» **DATA FOR ANALYSIS**
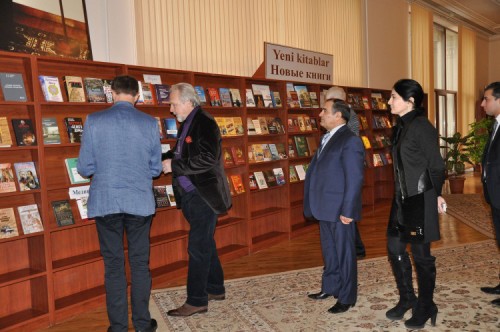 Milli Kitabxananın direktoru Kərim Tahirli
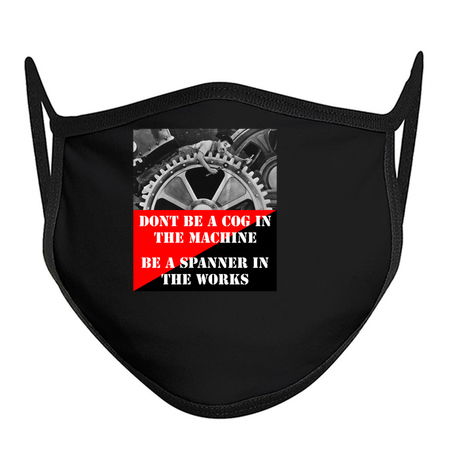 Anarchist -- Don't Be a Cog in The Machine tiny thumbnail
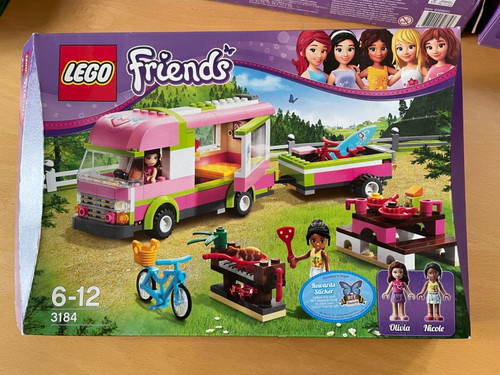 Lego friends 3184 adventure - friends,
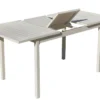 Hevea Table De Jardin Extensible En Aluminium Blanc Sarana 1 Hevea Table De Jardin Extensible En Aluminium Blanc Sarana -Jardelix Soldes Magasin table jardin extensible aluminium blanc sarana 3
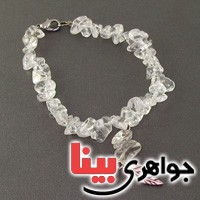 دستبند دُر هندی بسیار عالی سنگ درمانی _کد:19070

» **WHAT IS NEEDED**
Exclude the images and output the lines above exactly.

» **EXERCISE RESULT**
 Milli Kitabxananın direktoru Kərim Tahirli
 Anarchist -- Don't Be a Cog in The Machine tiny thumbnail
 Lego friends 3184 adventure - friends,
 Hevea Table De Jardin Extensible En Aluminium Blanc Sarana 1 Hevea Table De Jardin Extensible En Aluminium Blanc Sarana -Jardelix Soldes Magasin table jardin extensible aluminium blanc sarana 3
 دستبند دُر هندی بسیار عالی سنگ درمانی _کد:19070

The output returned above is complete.